[At-Large] Ukraine, .RU, and internet governance
Antony Van Couvering
avc at avc.vc
Sat Mar 12 10:04:58 UTC 2022
It is a pleasure to correspond with you once again. I would be grateful if you could point me to where Ukraine says it is no longer asking for this.
Otherwise, I disagree completely :-)
Contrary to what you say, I think it would be very easy for ICANN to block .RU as well as subsequently to resist pressure from the US or anyone else to remove the ccTLDs of Iran and Cuba or any others.
The reason is that Iran and Cuba are not invading their neighbors and murdering civilians on a massive scale. Whatever issues the US government has with Iran and Cuba, no-one is comparing them to Putin’s Russia. No, not even North Korea is comparable.
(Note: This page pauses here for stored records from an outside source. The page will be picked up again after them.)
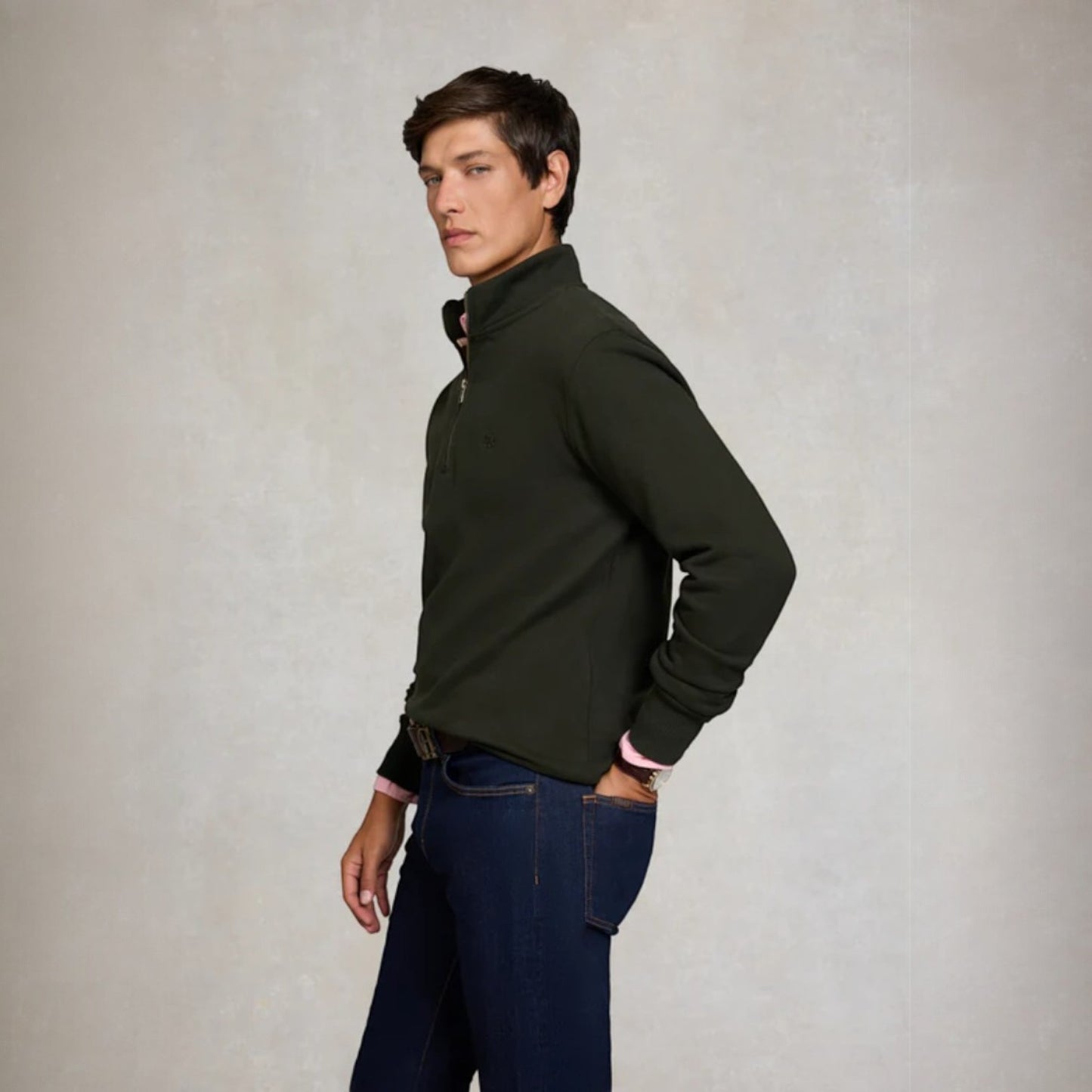 Man wearing a dark green half-zip sweater and blue jeans against a plain background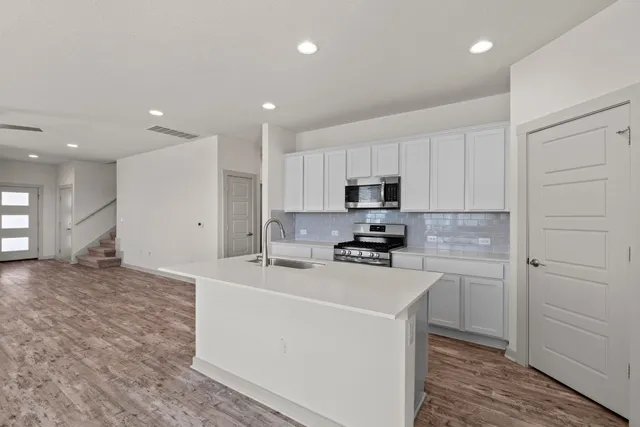 a kitchen with a sink and a stove top oven
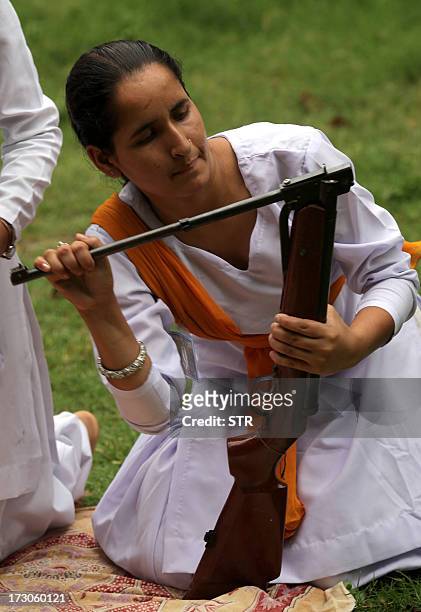 An Indian Hindu girl of the Durga Vahini, the 'saffron brigade' women's wing of the Hindu hardliner organization Vishwa Hindu Parishad , cocks a...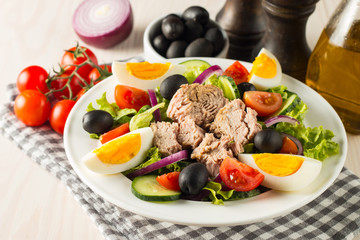 Fresh Caesar tuna salad with delicious tuna fish, ruccola, spinach, cabbage, arugula, egg, parmesan and cherry tomato on wooden background. Oil, salt and pepper. Healthy and diet food concept.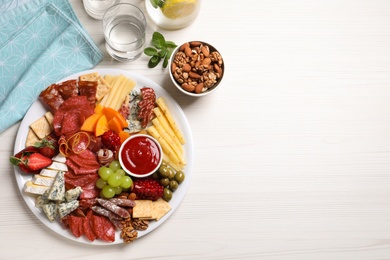 Photo of Plate of different appetizers with dip sauce on white wooden table, flat lay. Space for text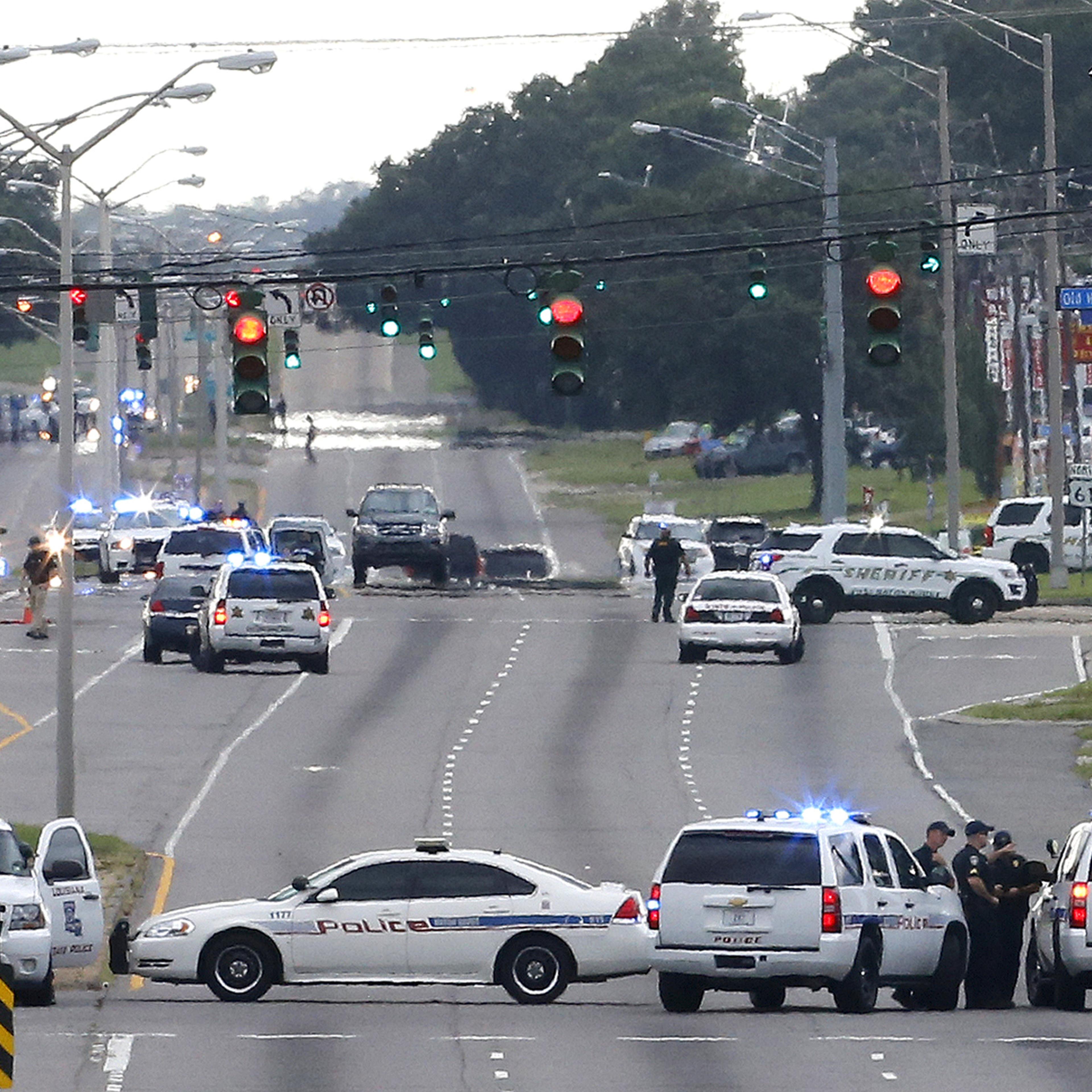 Law enforcement vehicles block access to Airline Highway near the scene of a fatal shooting of police officers in Baton Rouge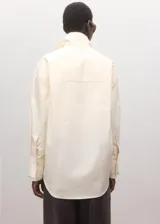 Blusa oversize de algodón en color marfil, con cuello camisero alto, manga larga con puños abotonados y cierre frontal de botonadura oculta.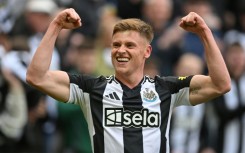 Newcastle's Harvey Barnes celebrates scoring against Manchester United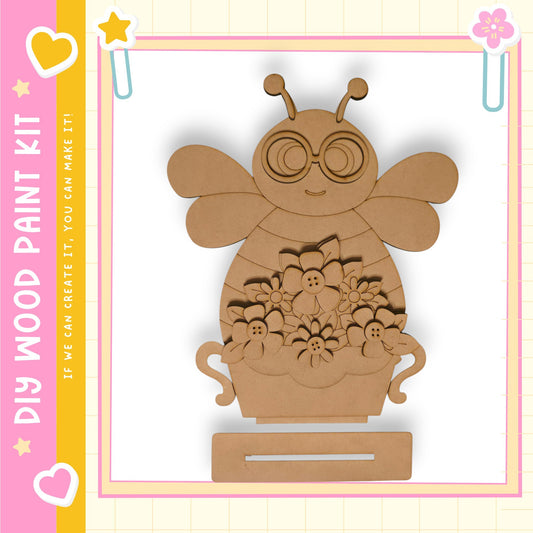 A wooden paint kit depicting a bee with flowers in a vase, set against a pink and yellow background with decorative elements.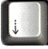 A pixelated square icon with a dark border containing a light gray background and a small downward-pointing arrow symbol.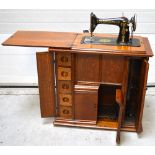 A 1920s/30s cabinet Singer treadle sewing machine with folding extension leaf,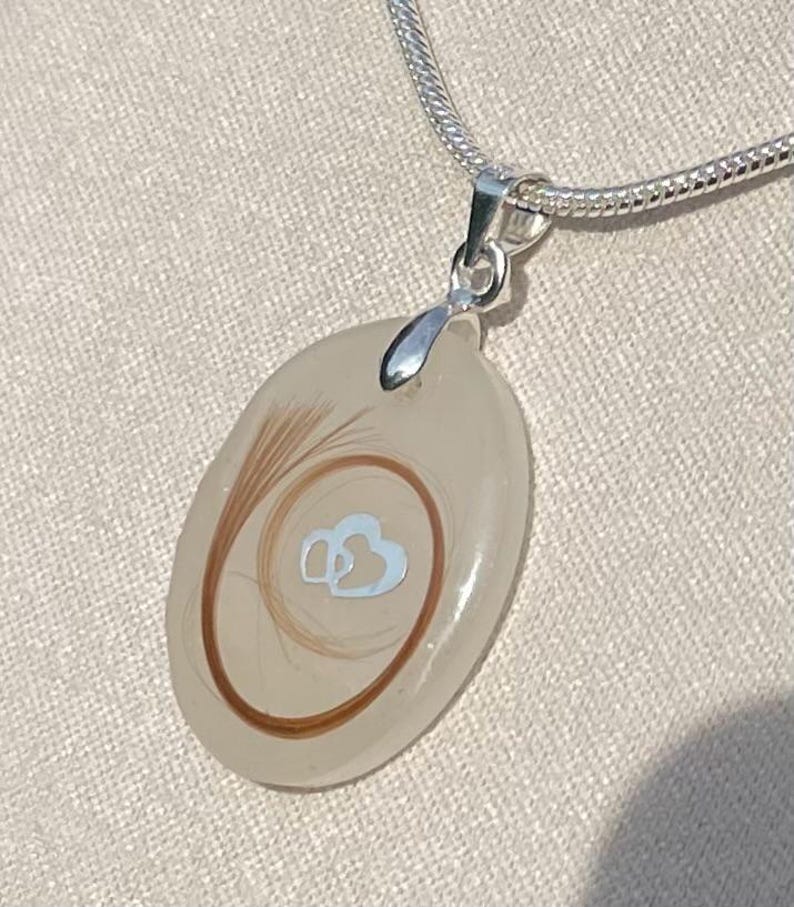 May include: A silver necklace with a pendant. The pendant is an oval shape with a clear, light-colored resin. Inside the resin are strands of brown hair and a light blue double heart design. The necklace chain is silver.
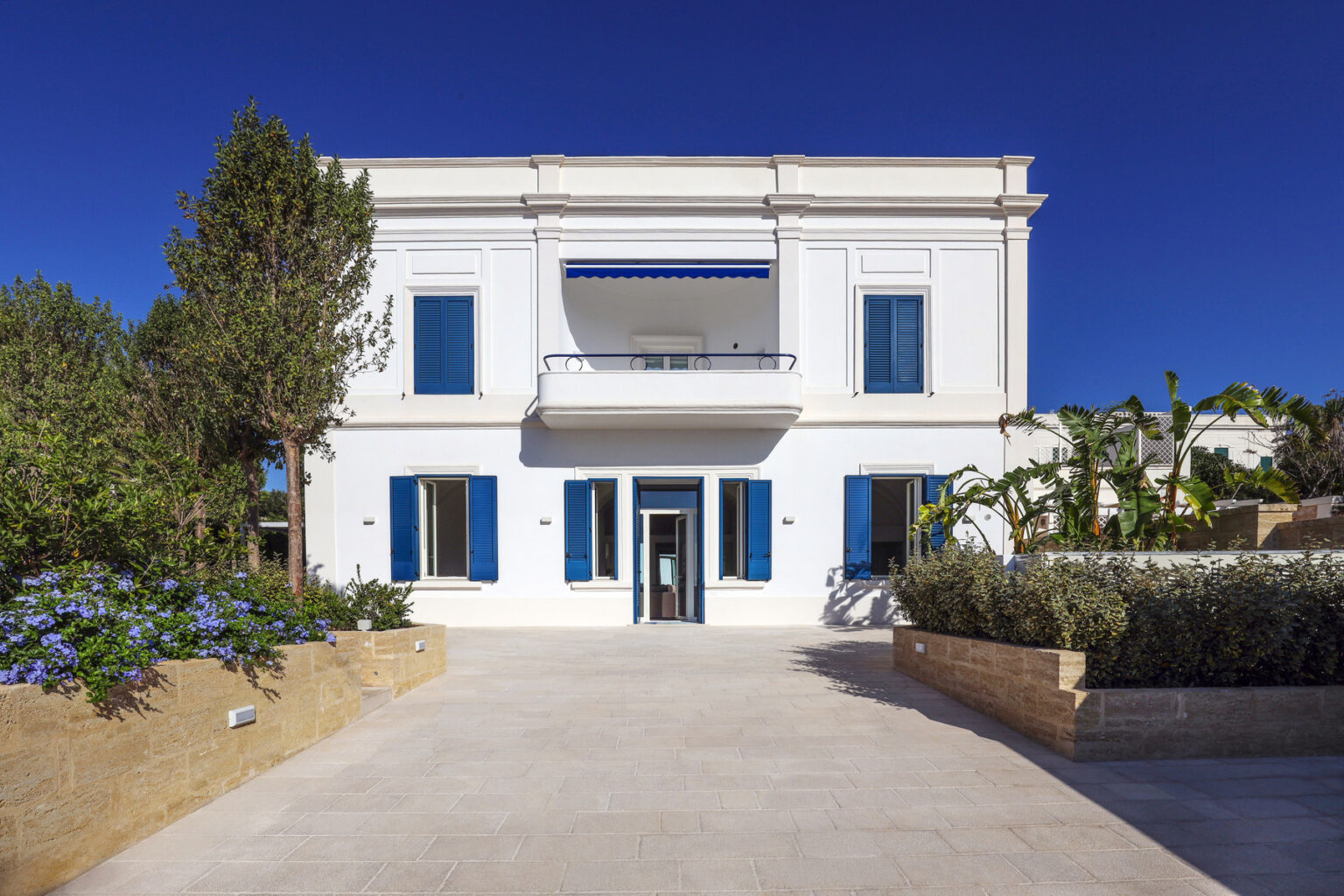 Modern white villa with blue shutters, surrounded by greenery and flowers, featuring a spacious stone pathway and clear blue sky. Ideal for luxury real estate listings or vacation rentals. | Only on SopranoVillas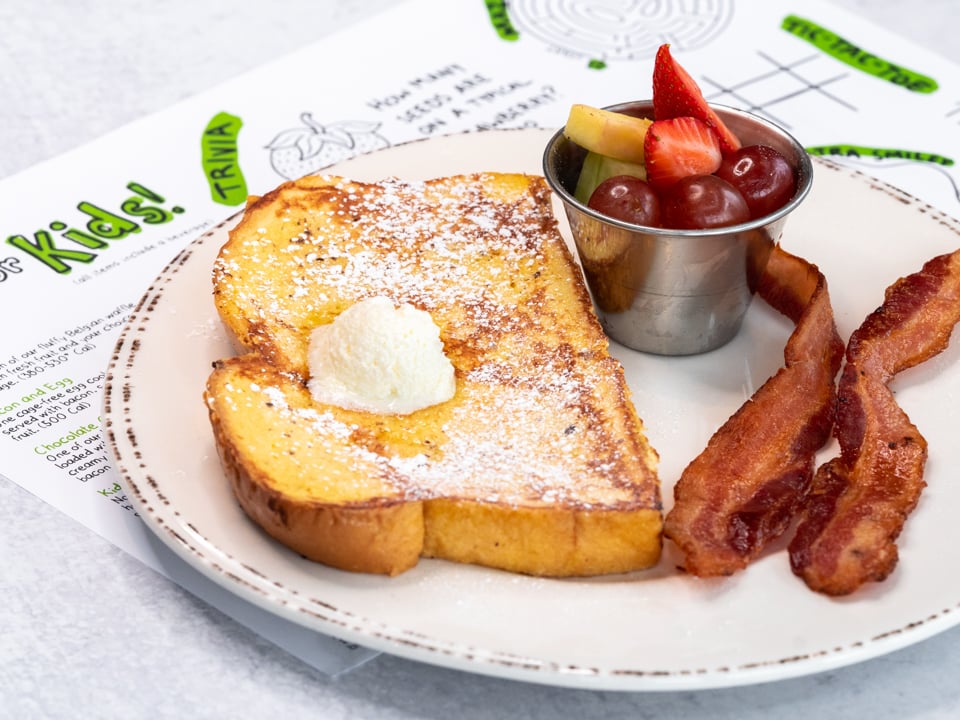 Made with our housemade batter. Served with fresh fruit and your choice of bacon or sausage.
Is it really true that ICANN / IANA is saying “No-one will ever trust us again to be impartial if we stand up to a invading murdering fascist dictator, because we are not able to articulate the difference between distrusting but peaceful rivals and someone who invades with armored columns, artillery, and bombings. If we are perceived to have inconvenienced Putin’s murderous regime in any way, who could trust us any more to administer names and numbers fairly?”
If that is indeed ICANN’s position, it is at once both reprehensible and risible. Any schoolchild could tell the difference between mass murder and angry words, and ICANN could tell easily tell the US that when Cuba or Iran launch massive unprovoked attacks that result in huge civilian casualties, that then they would consider cutting them off. Will ICANN still be fence-sitting when there are nuclear bombs? How about chemical weapons, is that still not worthy of taking action? What is the cut-off point exactly for not doing anything in the face of mass murder?
A separate but related question: are the unintended consequences really that bad compared to an almost beat-by-beat replay of the occupation of the Sudetenland, or turning Kiev into a rubble-filled killing ground? I can’t really conceive how an inconvenience to well-paid internet regulators compares to this. So what if ICANN and IANA have to change their mission statement slightly to make it clear that “one world, one internet” does not include invading nuclear-armed megalomaniacs? Is that such a big ask? Is that slogan, so often honored in the breach, worth so many lives?
It is true that root operators could route around ICANN. That would reflect very badly on them, but they could. But how does this excuse ICANN’s shameful silence and inaction?
Truly, it is time to stand up and be counted among those who would defend the world, and the internet, from murderous autocrats.
> On Mar 12, 2022, at 12:59 AM, Roberto Gaetano via At-Large <at-large at atlarge-lists.icann.org> wrote:
> Unfortunately, it is not an international law issue, otherwise it would be solved without any responsibility by ICANN - just follow the order of the judge.
> The problem lies elsewhere, and is whether ICANN is or not an independent authority that can be trusted for following basic principles and apply them evenly in all cases.
> If ICANN decides to remove .ru from the root, based on a request by Ukraine (who, by the way, is no longer insisting in asking this, maybe because they have understood the unintended consequences) I don’t see how it could resist the request of removing the ccTLDs of what the US consider “rogue” countries, like Iran, Cuba, and others.
> And this besides all what has been said at length in this and other lists, like that it will not make .ru disappear, just invite operators to have their own copy of the root.
> This said, there are other actions that ICANN can take, but after having decided whether it will keep its reputation of being a reliable steward for the Internet infrastructure in the global interest or indulge in actions that, while not achieving any practical result, will be emotionally satisfying.
>> On 12.03.2022, at 04:55, SCHWEIGHOFER Erich Prof. Dr. Dr.. via At-Large <at-large at atlarge-lists.icann.org <mailto:at-large at atlarge-lists.icann.org>> wrote:
>> It is an international law issue and the main text for conflicts and sovereignty is the UN Charta and its practice.
>> In law, using the right text is decisive.
>> Erich Schweighofer
>> Am 12.03.2022 04:36 schrieb Antony Van Couvering via At-Large <at-large at atlarge-lists.icann.org <mailto:at-large at atlarge-lists.icann.org>>:
>> The mealy-mouthed opposition to Ukraine’s request to block .RU has exercised me so much that I called up Keith Teare to complain. Keith is a one-time candidate for ICANN CEO, a former board member of Minds + Machines, founder of Real Names and other companies, and a very smart guy with a good grasp of history and the internet.
>> Keith doesn’t really agree with my position, so he suggested that we record a conversation and talk it out. To me, it turned out well (pardon my video quality.
>> For those who’d like to hear a thorough discussion of the issue, here it is:
>> https://www.youtube.com/watch?v=uXZd6rtDHsA <https://www.youtube.com/watch?v=uXZd6rtDHsA>
>> Summary — all the reasons put forward as to why ICANN can’t do anything — we go through them all — are bullshit.